This article is from the archive of our partner .
Nicholas Kristof in The New York Times on his trip to Iran Kristof writes his first dispatch from Iran, where the government has allowed him to travel an approved route on a journalist visa, and he spots some changes in attitude since his last trip. "[P]eople seem more discontented — mainly because of economic difficulties caused in part by Western sanctions. Those sanctions are causing bitter pain, yet a surprising number of Iranians seem to largely blame their own leaders for the woes," he writes. He describes a surprising amount of goodwill toward America and antipathy toward the Iranian government, but notes that citizens are still nervous to express these opinions publicly. "My guess is that the demise of the system is a matter of time — unless there's a war between Iran and the West." (Persian language version here.)
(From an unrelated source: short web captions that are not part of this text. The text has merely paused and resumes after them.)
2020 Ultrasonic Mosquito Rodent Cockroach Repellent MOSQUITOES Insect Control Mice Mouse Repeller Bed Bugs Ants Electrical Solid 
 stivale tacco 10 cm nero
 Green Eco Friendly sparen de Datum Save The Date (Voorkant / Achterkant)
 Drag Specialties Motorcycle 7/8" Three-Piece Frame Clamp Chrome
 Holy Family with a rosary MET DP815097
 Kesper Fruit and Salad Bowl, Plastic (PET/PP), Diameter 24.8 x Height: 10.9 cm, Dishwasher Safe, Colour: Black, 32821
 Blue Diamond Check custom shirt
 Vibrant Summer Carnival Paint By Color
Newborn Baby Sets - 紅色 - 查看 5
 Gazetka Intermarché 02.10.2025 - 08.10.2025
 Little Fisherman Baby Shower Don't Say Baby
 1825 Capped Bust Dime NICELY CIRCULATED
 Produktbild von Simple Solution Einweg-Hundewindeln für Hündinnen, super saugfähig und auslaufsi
George Will in The Washington Post on an elementary school election Will is amusingly disgusted by a recent story in his own paper that describes school elections in Bethesda, Maryland, in which candidates "can't give out buttons. They can't wear T-shirts bearing their names. They can't talk about their competition. And they can't make promises." Or, as Will describes it: "At Bethesda Elementary, the prophylactic rules keep size-4 sneakers off the slippery slope to perdition, understood as candidates dispensing Tootsie Rolls." School officials seem to be prepping students for a far-off day, he says, "in which politics, cleansed of promises and criticism and too much talk, will be perfectly equal and ever so nice."